Población, la de Saelices, denominada igualmente Sant Felices a través
del tiempo, y desde los primeros años del siglo XX, para diferenciarla de los
numerosos lugares y poblaciones del mismo nombre apellidado, por sus salinas,
de la Sal.
Nunca fue, como la inmensa mayoría de poblaciones vecinas, lugar de
elevado número de habitantes. Que se cifraban en el primer tercio del siglo XVI
(1530), en 63 vecinos que hacían 228 habitantes, que ascenderán a 78 vecinos y
282 habitantes en 1591. La población, de entonces a hoy, nunca pasó de las 300
almas.
Las
Salinas
Conocidas fueron las de esta tierra, como lo fueron las de la provincia
de Guadalajara, desde tierras molinesas hasta el confín provincial por tierras
de Atienza, desde los tiempos prehistóricos, puesto que no tardó el hombre en
descubrir que la sal era el mejor conservante para muchas, quizá demasiadas
cosas; tantas que, avanzados los siglos, decretó el rey de Castilla que puso
Dios las salinas en la tierra para que los reyes se sirviesen de ellas. Y así
lo hizo, a partir de su decreto, el rey Sabio, don Alfonso X, quien pasó a ser
titular de las que se conocieron en sus reinos, con honrosas excepciones, pues
algunas de ellas continuaron en poder de quienes conquistaron la tierra.
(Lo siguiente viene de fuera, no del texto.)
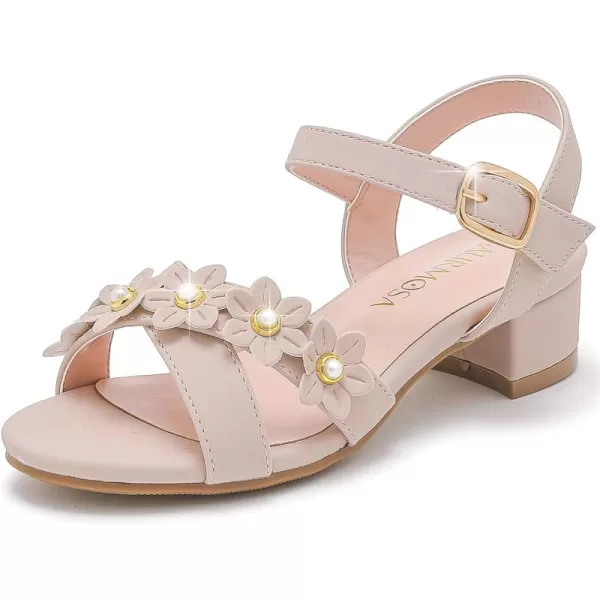 Girls Sandals Kids Heels Open Toe Ankle Strap Dress Shoes Flower Wedding Party for Toddler Little Big KidFlowers Nubuck Nude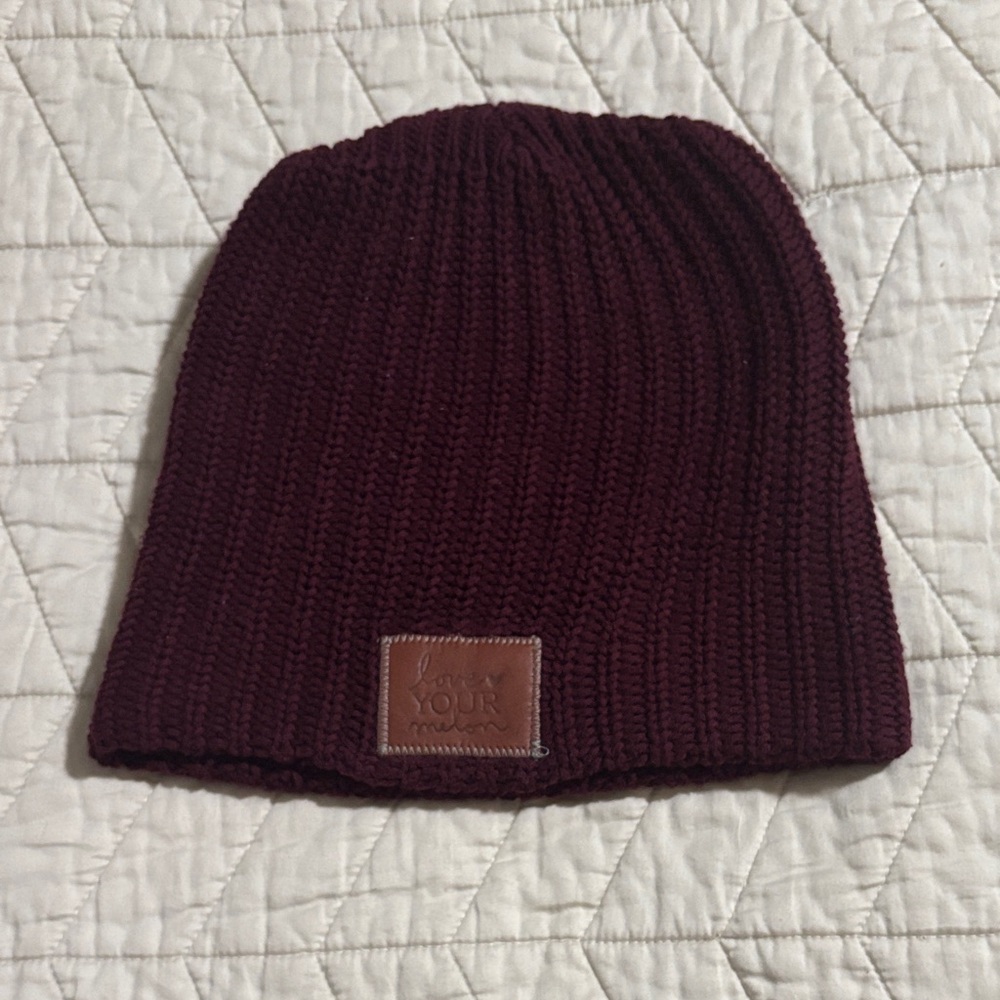 Love Your Melon EUC Maroon Knit Beanie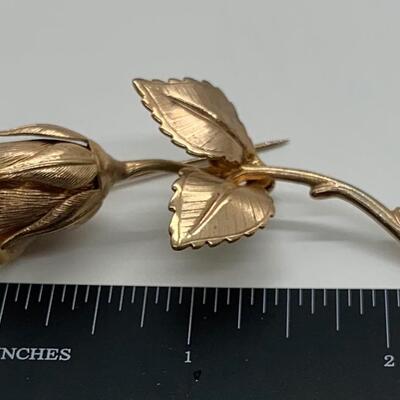 LOTJ38: Two Vintage Goldtone Brooches: The Giovanni Rose and Vintage "Crown" Trifari circular leaf and  faux pearl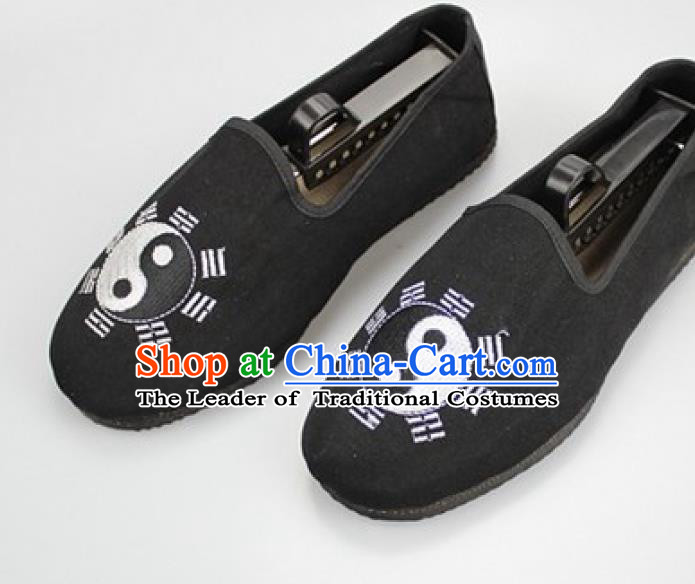 Chinese Traditional Martial Arts Shoes Taoist Shoes Tai Chi Black Shoes for Men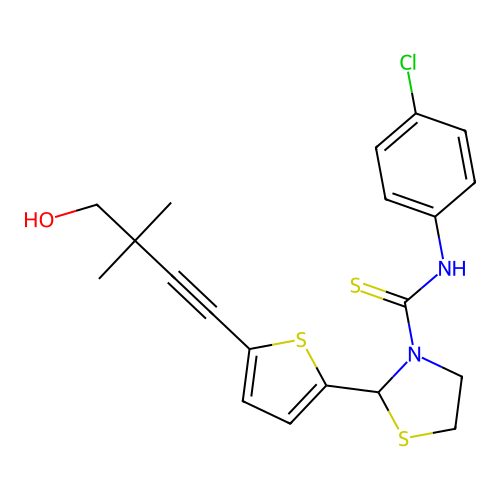 3-Thiazolidinecarbothioamide, N-(4-chlorophenyl)-2-[5-(4-hydroxy-3,3-dimethyl-1-butynyl)-2-thienyl]- (9CI) structure
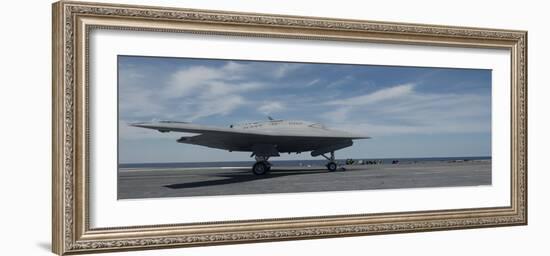 An X-47B Unmanned Combat Air System Launches from USS George H.W. Bush-null-Framed Photographic Print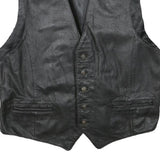 Mens Black Jacket Waistcoat M Polyester Blend Button Plain Stylish Classic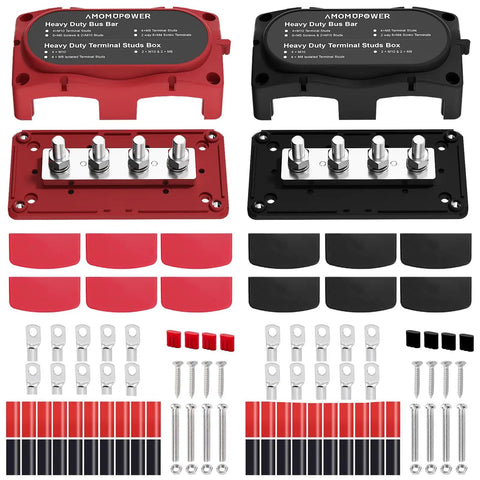 Two Pack 300 Amp Battery Bus Bar For 12-48V DC Systems, Heavy Duty Copper Power Distribution Block With Four M8 Terminals, Eight Screws, Waterproof Cover, Ideal For Automotive RV Marine Truck, red and black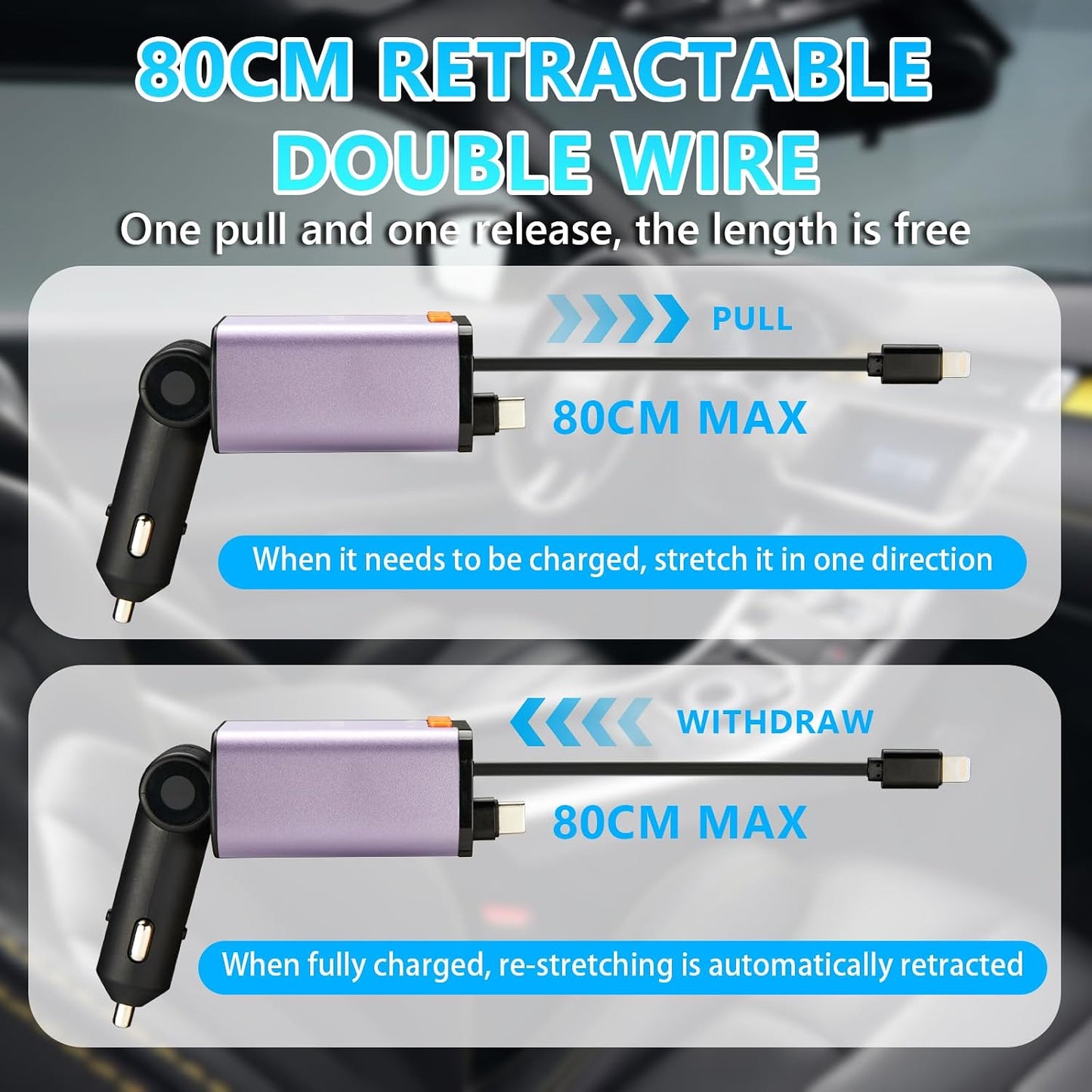 Retractable Car Charger,5 in 1 Fast Cars Phone Charger 60w,Bluetooth 5.3 FM Transmitter Adapter,Handsfree Call,MP3 Player,2 Retractable Cables and USB Chargers, for Phone,Galaxy,Pixel (Black)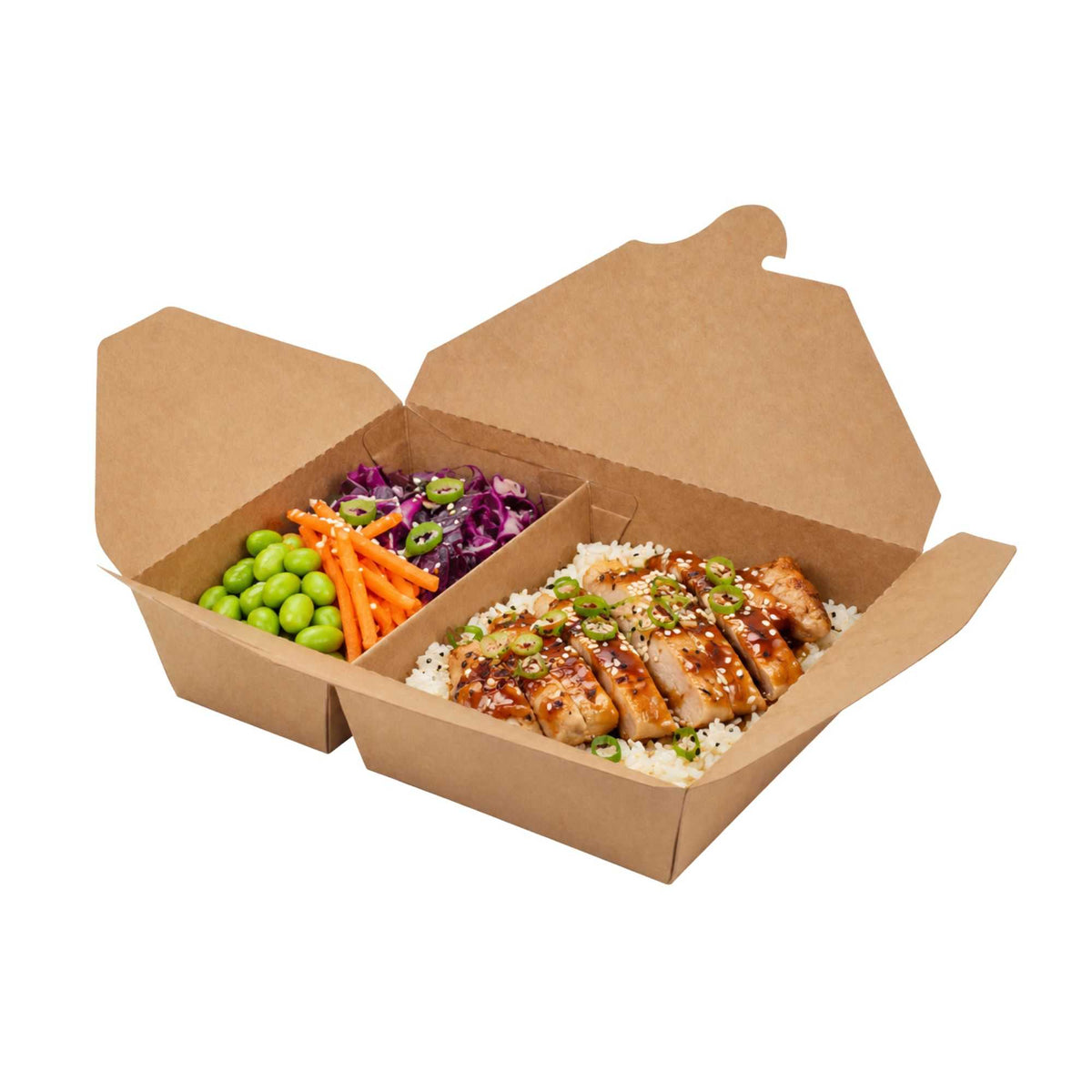 Bio Tek 50 oz Rectangle Kraft Paper #5 Bio Box Take Out Container - 2-Compartment - 8 1/2" x 6" x 1 3/4" - 200 count box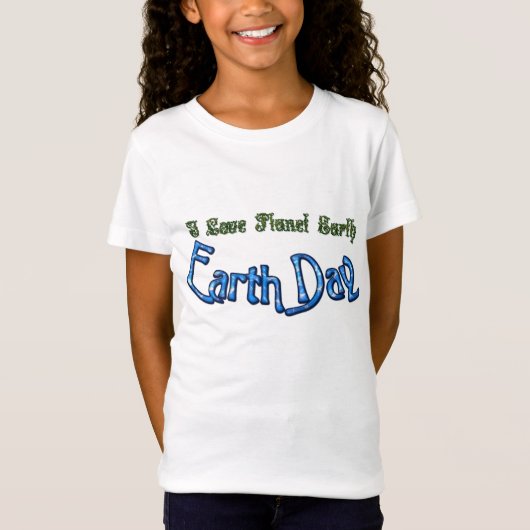 EARTH DAY I Love Planet Earth Kinderen Eco Shirt (Voorkant)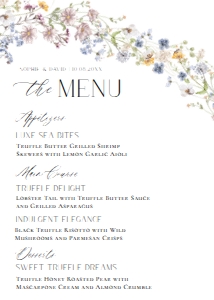 E025 Menu 5x7: E025 Menu Thank You Note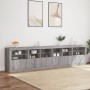 Sideboard with Sonoma grey LED lights 283x37x67 cm by , Sideboards - Ref: Foro24-3209021, Price: 306,99 €, Discount: %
Con la donación de Medinaceli a su conde se le donaron igualmente las
tierras de Saelices y sus salinas, que permanecieron en el ducado con sus
pleitos correspondientes con las salinas vecinas, hasta el reinado de Felipe II;
cuando el rey, necesitado de capital,
ordenó el que tal vez sea el mayor estanco conocido de la sal, integrándose en
la Real Hacienda todas las que anteriormente no lo estaban, entre ellas las de
Saelices. Sucedió el 10 de agosto de 1564. Al duque de Medinaceli, en
compensación por la expropiación de estas salinas, junto a las del entorno
pertenecientes al ducado, se le compensaba con las alcabalas y tercias de
Carrascosa del Río (Tajo), Utrilla, La Alameda, Almazul, Oteros, Mazaterón, Miñana
y Morillejo.
Quedaron, a partir de entonces, bajo la administración directa de la
Hacienda Real, que arrendó su explotación junto a las otras cuatro que formaron
lo que se conoció como “Partido Salinero de Atienza”, compuesto por estas de
Saelices, las de Tierzo, Medinaceli, La Olmeda e Imón; el resto, compuesto por
pequeñas explotaciones hasta un número próximo al centenar, quedaron
clausuradas y encenagados sus pozos para que nadie usase de ellos, so pena, en
muchos casos, de la muerte.
Nunca estuvieron entre las más productivas del partido salinero, a cuyo
frente se encontraron las de La Olmeda e Imón como principales, por lo que en
algunas ocasiones los arrendadores de aquellas, a quienes correspondía la
explotación de estas, prefirieron no trabajarlas, centrándose en la producción
de las que más rendimientos les podían ofrecer.
Y
eso sucedió cuando, andado el siglo XIX, y vueltas las salinas al arriendo,
tras un nuevo periodo de gestión directa por la Hacienda Real fueron sacadas a
subasta en 1841, siendo el adjudicatario del arriendo de las salinas reales don
José de Salamanca, quien como otros hiciesen cerró las de Saelices y Tierzo
para centrar la producción en Imón y La Olmeda.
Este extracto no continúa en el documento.